Ford agreed to invest $1.8 billion in the Oakville, Ontario plant, and will build a future EV there.

Members of Unifor, the union representing auto workers in Canada, ratified a new three-year contract with the Ford Motor Co.

The final tally, according to Unifor, shows 81% of the union members voted for the new collective agreements that include $1.95 billion in investments for new production at the automaker’s Oakville, and Windsor, Ontario plants along with other significant gains.

“This is the single biggest investment in the Canadian auto industry in years providing long-term job security for Unifor members,” said Jerry Dias, Unifor National president. “The vote result not only demonstrates our members’ overwhelming support for their bargaining committees and their new collective agreement, but also shows Unifor members have a clear vision of a strong and prosperous Canadian auto sector.”

(Ford, Unifor reach agreement on a tentative pact.)

Ryan Kantautas, vice president, Human Resources, Ford of Canada (right), and Jerry Dias, Unifor National president (left) meet to start contract negotiations. 

Highlights of the deal include $1.8 billion to retool and build new battery-electric vehicles in Oakville, including a crossover utility vehicle. The Oakville facility built the Flex crossover until Ford elected to discontinue the slow-selling model. Naturally, it was at the top of the union’s wish list.

Additionally, the automaker committed $148 million for the Windsor powertrain facilities. Ford has committed to source new engines to the Windsor Engine Plant and sole source the 5.0-liter gas engine assembly and current component machining to the Essex Engine plant, along with any derivatives.

“This agreement is perfect timing and positions our members at the forefront of the electric vehicle transformation, as the Oakville plant will be a key BEV supplier to the North American and European Union markets,” said Dias.

(Unifor takes aim at Ford in Canadian auto contract talks.)

The union also negotiated a 5% wage increase during the life of the agreement, along with a 4% lump sum, a productivity and quality bonus of C$7,250, inflation protection bonuses and major changes to the New Hire Program and reduced the grow in period for to top wages from 10 years to eight years.

By eliminating the third shift at the Windsor, Ontario plant, FCA cut 1,500 jobs. Unifor wants them back.

The new contract also re-instated of afternoon and midnight shift premiums that were lost in previous agreements. Now the union focuses on its discussions with Fiat Chrysler and topping the list appears to be getting additional minivan production at the Windsor plant. The automaker cut the plant’s third shift earlier this year.
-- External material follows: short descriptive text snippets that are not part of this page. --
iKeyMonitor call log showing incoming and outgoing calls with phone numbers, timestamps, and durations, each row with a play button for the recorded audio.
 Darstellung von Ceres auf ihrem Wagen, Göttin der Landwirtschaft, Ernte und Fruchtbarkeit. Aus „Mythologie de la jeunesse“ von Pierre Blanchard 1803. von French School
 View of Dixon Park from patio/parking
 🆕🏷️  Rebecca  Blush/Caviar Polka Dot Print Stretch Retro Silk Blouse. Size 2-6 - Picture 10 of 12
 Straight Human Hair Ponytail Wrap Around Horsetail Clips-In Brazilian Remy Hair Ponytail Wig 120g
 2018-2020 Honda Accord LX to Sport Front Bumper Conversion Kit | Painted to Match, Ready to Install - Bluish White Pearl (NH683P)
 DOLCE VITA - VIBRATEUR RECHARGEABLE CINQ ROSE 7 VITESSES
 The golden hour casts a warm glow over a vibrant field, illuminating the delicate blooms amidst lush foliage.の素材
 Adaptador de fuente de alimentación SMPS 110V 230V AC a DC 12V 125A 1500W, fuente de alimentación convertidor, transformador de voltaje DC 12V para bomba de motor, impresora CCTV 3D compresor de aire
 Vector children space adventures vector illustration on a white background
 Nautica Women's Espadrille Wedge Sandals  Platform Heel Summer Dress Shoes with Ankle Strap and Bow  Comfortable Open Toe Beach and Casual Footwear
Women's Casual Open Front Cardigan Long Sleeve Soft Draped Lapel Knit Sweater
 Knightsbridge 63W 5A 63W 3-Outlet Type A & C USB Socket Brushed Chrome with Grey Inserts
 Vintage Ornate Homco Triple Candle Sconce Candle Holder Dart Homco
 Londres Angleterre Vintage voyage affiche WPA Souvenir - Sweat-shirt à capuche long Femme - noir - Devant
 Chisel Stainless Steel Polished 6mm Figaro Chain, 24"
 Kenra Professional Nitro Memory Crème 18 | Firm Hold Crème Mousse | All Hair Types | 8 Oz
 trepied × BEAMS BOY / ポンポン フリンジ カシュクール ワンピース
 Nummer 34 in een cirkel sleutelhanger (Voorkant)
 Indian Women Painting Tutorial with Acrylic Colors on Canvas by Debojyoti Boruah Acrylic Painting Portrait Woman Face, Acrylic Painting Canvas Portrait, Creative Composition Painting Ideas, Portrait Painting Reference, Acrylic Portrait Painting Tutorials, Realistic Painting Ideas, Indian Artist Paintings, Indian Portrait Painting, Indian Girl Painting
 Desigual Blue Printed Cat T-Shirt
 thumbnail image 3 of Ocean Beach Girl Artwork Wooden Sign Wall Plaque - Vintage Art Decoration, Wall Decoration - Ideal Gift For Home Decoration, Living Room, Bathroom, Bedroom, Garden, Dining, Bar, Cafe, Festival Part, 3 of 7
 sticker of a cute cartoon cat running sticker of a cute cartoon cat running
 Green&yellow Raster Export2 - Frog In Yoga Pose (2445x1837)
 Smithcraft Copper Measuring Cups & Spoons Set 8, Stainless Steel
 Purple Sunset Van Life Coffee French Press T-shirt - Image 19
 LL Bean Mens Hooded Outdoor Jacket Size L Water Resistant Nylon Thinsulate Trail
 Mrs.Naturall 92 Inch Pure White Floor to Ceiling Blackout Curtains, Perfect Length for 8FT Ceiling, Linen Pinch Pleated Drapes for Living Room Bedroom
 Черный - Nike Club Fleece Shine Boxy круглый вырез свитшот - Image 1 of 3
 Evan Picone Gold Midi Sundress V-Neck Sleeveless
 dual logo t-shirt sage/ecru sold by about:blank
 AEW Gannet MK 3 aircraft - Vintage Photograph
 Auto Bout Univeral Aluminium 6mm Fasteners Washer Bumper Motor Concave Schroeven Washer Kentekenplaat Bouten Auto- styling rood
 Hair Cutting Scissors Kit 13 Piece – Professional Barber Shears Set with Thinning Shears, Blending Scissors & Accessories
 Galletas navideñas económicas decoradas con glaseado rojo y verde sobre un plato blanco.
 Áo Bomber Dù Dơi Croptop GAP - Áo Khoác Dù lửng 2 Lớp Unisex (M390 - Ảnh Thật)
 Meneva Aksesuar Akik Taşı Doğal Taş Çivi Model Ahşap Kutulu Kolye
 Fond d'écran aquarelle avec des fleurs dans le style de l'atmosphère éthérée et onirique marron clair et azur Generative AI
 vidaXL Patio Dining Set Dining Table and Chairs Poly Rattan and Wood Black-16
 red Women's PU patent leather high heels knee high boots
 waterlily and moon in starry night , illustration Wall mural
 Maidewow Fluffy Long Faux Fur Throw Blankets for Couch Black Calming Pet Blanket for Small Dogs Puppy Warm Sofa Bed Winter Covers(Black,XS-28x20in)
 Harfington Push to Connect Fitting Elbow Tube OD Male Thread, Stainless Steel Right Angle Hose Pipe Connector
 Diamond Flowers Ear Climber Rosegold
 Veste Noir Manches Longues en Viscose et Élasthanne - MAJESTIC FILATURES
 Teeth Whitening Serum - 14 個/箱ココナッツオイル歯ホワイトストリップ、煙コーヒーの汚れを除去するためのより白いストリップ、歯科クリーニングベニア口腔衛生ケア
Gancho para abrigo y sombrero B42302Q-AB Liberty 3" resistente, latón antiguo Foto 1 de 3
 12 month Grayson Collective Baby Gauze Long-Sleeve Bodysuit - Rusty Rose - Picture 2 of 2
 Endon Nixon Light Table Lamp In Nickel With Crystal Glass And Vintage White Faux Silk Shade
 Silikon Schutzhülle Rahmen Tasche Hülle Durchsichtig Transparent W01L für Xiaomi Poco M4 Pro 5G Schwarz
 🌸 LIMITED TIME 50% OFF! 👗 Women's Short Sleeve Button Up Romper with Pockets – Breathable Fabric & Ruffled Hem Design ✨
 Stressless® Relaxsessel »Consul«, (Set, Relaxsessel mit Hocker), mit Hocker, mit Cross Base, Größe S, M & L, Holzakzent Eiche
It’s also looking for additional investment at the Brampton, Ontario plant, just outside of Toronto. The plant currently builds Chrysler 300, Dodge Challenger and Dodge Charger, but the union wants to secure something other than the company’s sedan line-up, which isn’t a growth segment the industry.

(Unifor vows to fight FCA plan to cut third shift in Windsor.)

Talks with FCA may be complicated by the ongoing talks between FCA and PSA, led by Peugeot, to merge the two companies. Those discussions are expected to be completed by the end of the year.